> Work item
Pictures stay out. Everything else in the listing below gets written out exactly.

> Available data
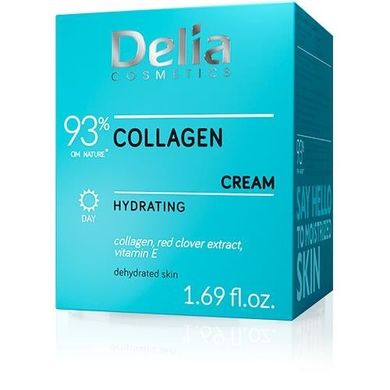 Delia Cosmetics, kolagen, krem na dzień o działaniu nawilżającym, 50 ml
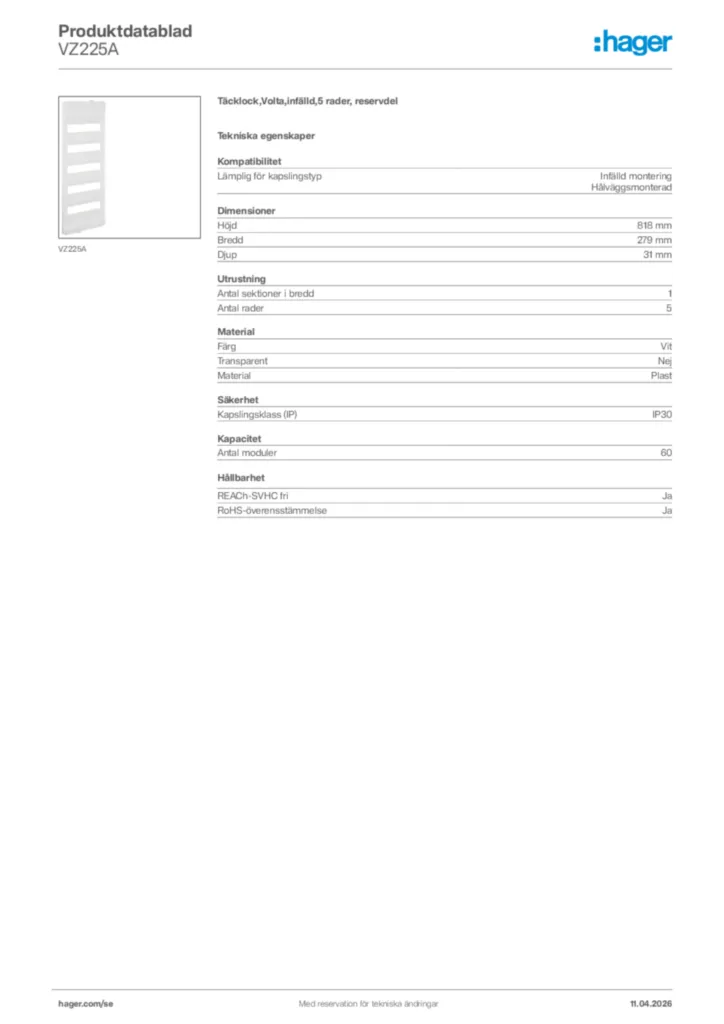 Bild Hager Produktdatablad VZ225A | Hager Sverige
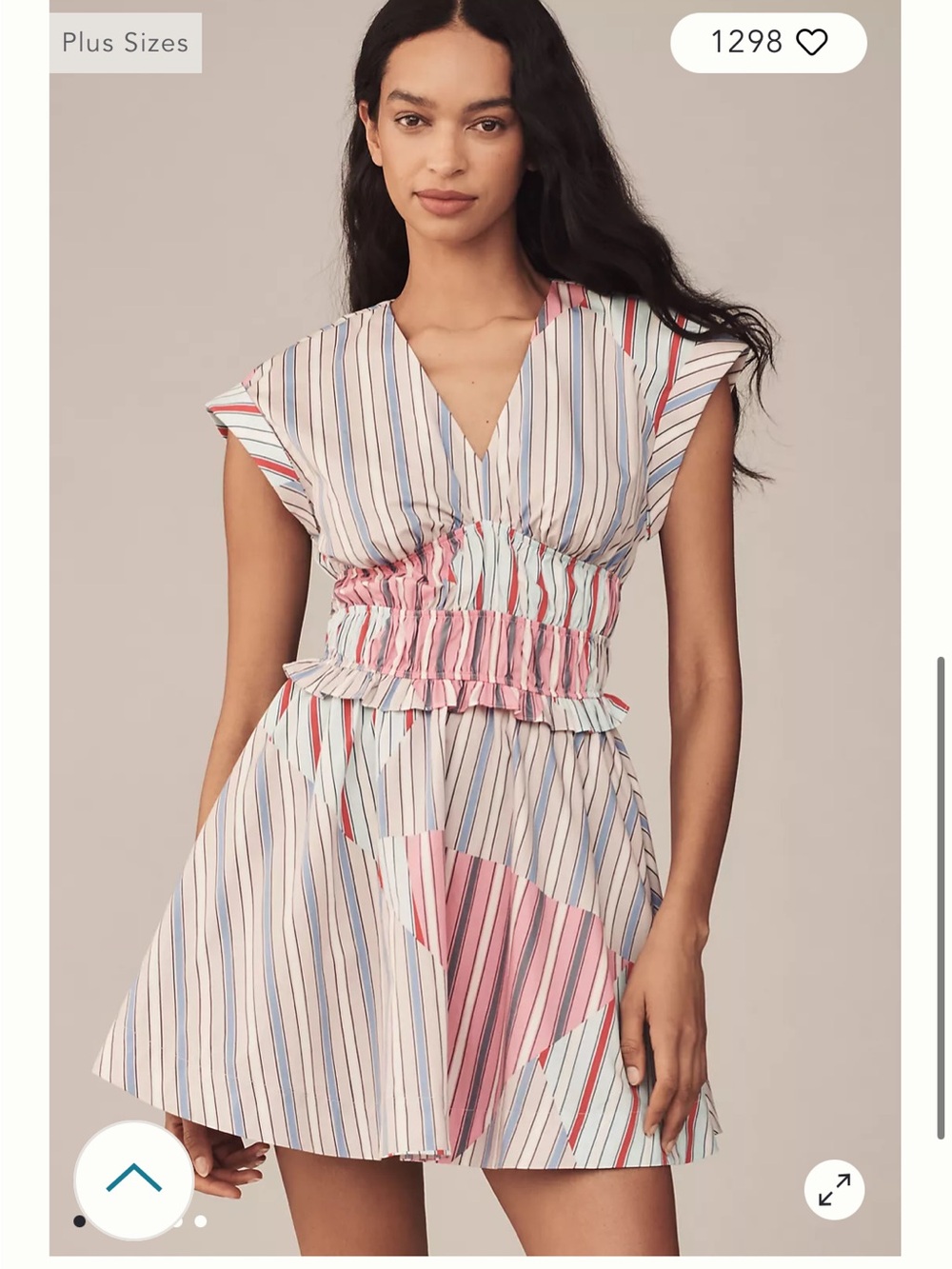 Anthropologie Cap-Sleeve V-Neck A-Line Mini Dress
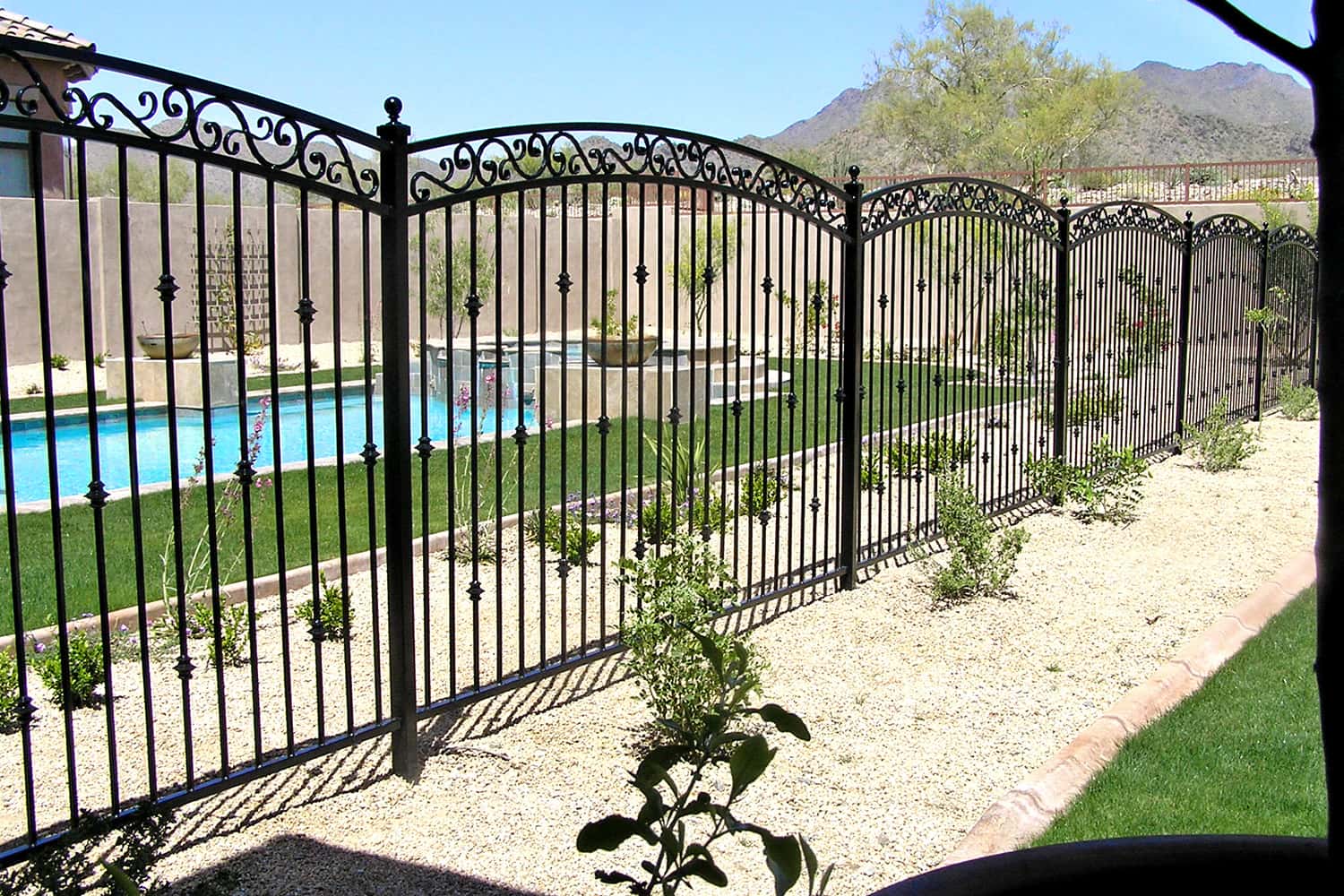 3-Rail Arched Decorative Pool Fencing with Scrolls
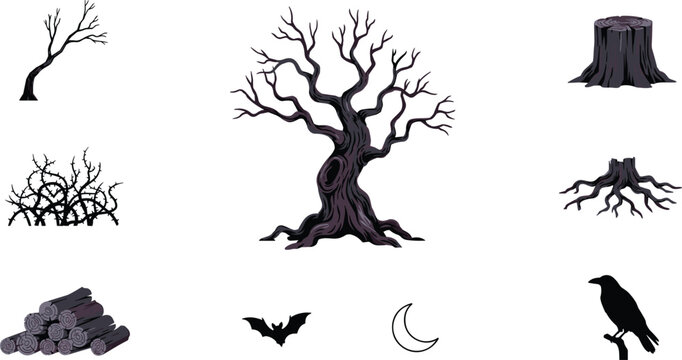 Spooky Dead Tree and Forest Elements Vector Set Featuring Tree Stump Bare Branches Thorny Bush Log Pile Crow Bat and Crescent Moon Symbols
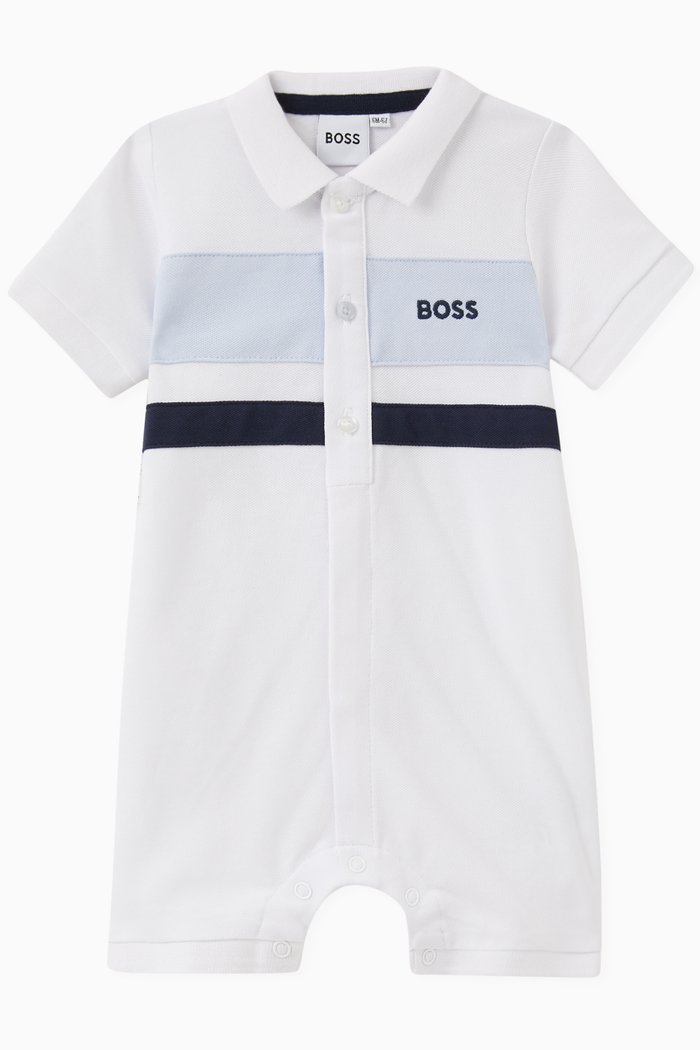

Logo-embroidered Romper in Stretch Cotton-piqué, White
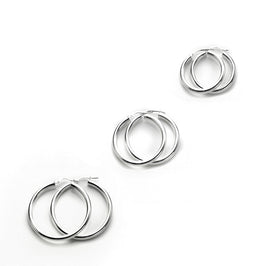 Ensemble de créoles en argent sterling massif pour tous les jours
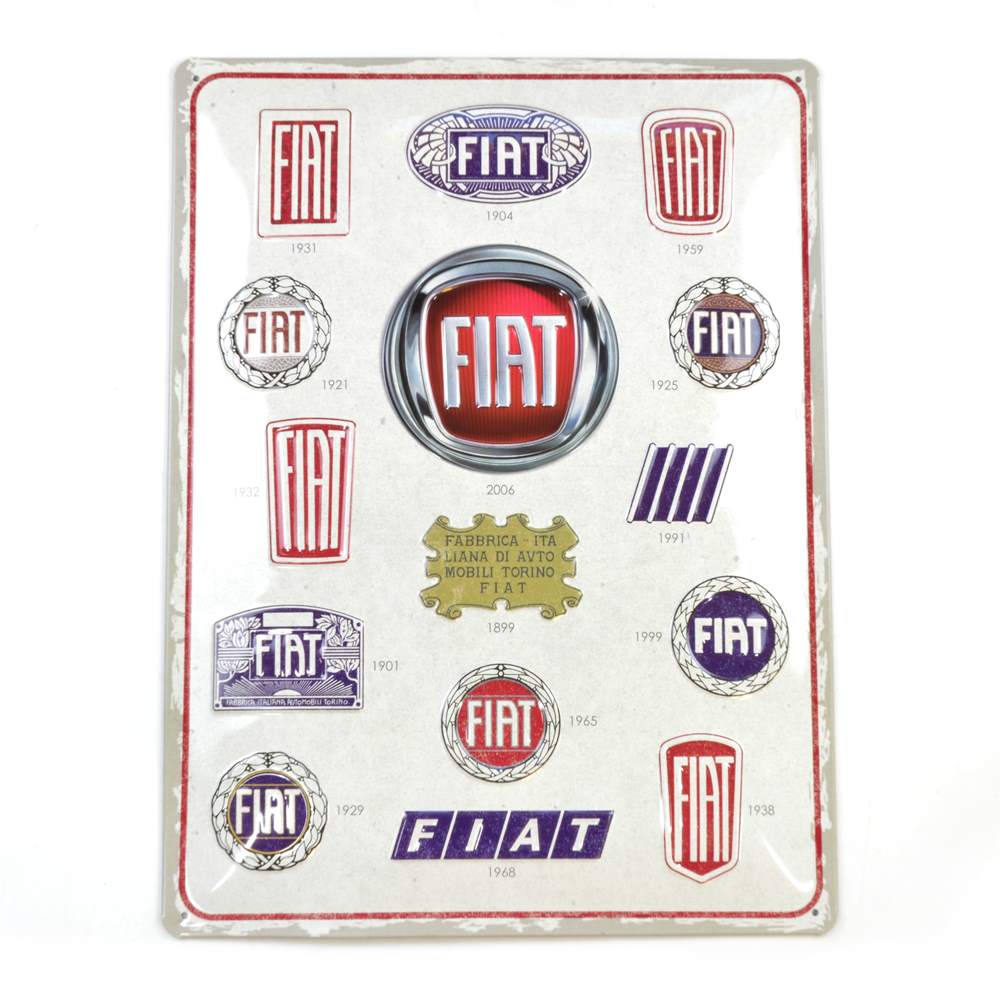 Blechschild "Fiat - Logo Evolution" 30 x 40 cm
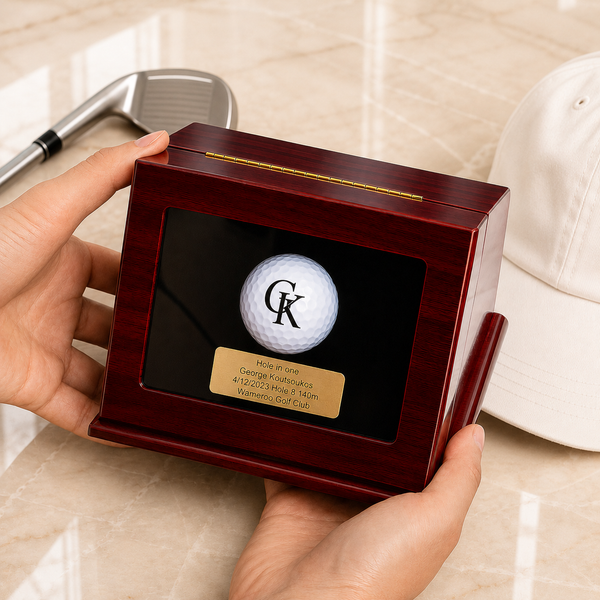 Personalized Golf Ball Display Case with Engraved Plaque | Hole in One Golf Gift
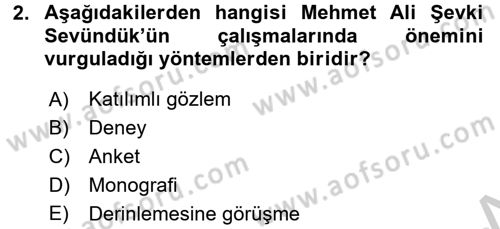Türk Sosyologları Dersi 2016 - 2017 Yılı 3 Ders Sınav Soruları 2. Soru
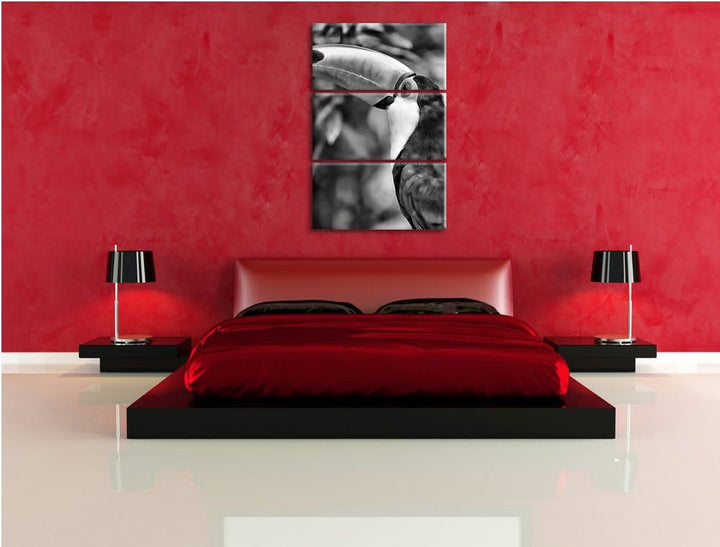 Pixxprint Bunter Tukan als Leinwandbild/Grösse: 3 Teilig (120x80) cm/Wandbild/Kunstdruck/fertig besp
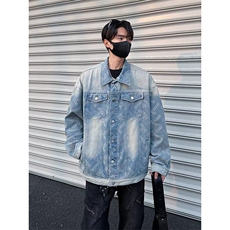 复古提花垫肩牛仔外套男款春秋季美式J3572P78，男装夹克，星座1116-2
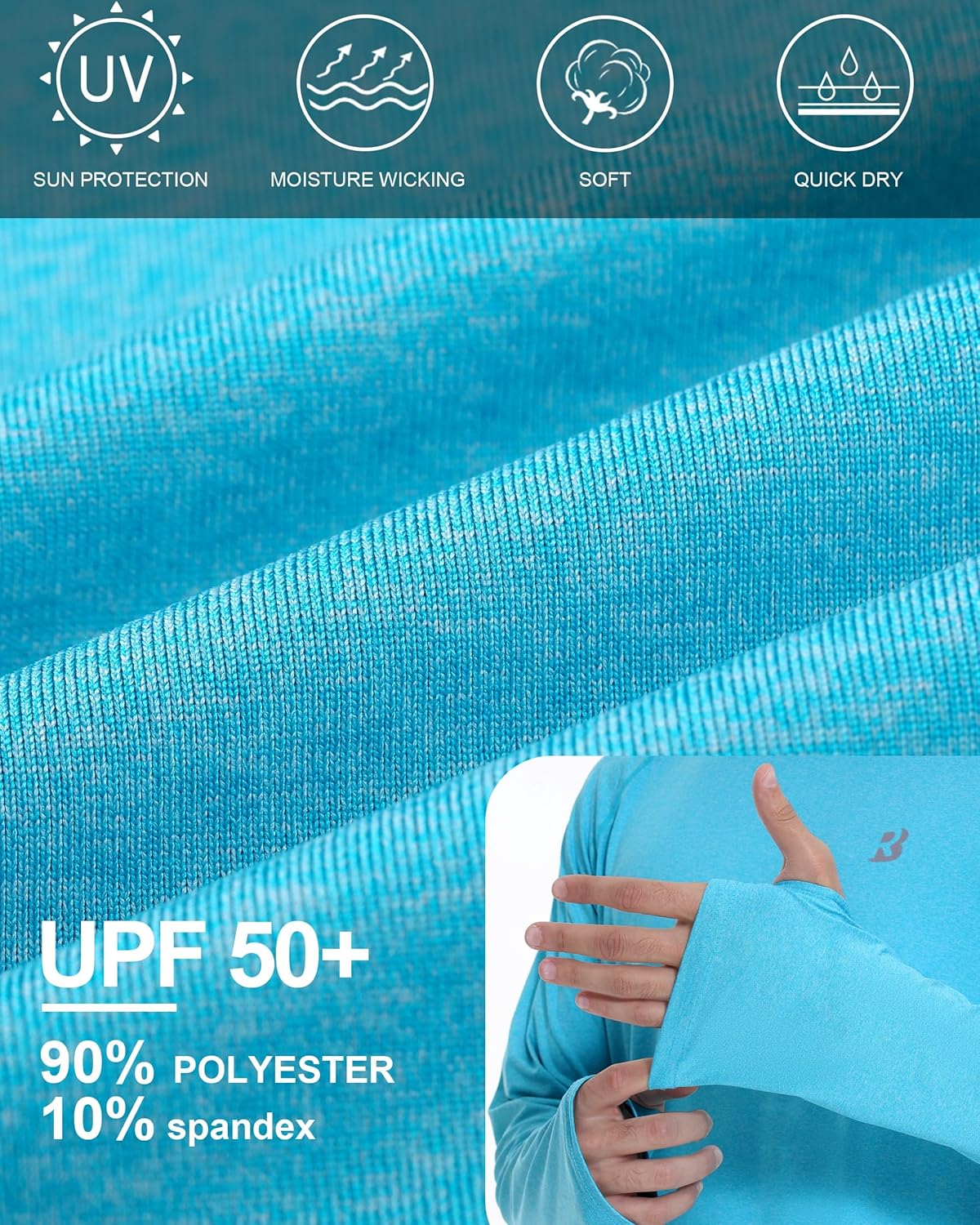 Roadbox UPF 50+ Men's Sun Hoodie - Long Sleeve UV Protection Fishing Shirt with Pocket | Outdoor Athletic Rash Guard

> Exercise solution
 Delia Cosmetics, kolagen, krem na dzień o działaniu nawilżającym, 50 ml
 Bild Hager Produktdatablad VZ225A | Hager Sverige
 Anthropologie Cap-Sleeve V-Neck A-Line Mini Dress
 3-Rail Arched Decorative Pool Fencing with Scrolls
 Spooky Dead Tree and Forest Elements Vector Set Featuring Tree Stump Bare Branches Thorny Bush Log Pile Crow Bat and Crescent Moon Symbols

Logo-embroidered Romper in Stretch Cotton-piqué, White
 Ensemble de créoles en argent sterling massif pour tous les jours
 Blechschild "Fiat - Logo Evolution" 30 x 40 cm
 Personalized Golf Ball Display Case with Engraved Plaque | Hole in One Golf Gift
Türk Sosyologları Dersi 2016 - 2017 Yılı 3 Ders Sınav Soruları 2. Soru
 Pixxprint Bunter Tukan als Leinwandbild/Grösse: 3 Teilig (120x80) cm/Wandbild/Kunstdruck/fertig besp
 复古提花垫肩牛仔外套男款春秋季美式J3572P78，男装夹克，星座1116-2
 Roadbox UPF 50+ Men's Sun Hoodie - Long Sleeve UV Protection Fishing Shirt with Pocket | Outdoor Athletic Rash Guard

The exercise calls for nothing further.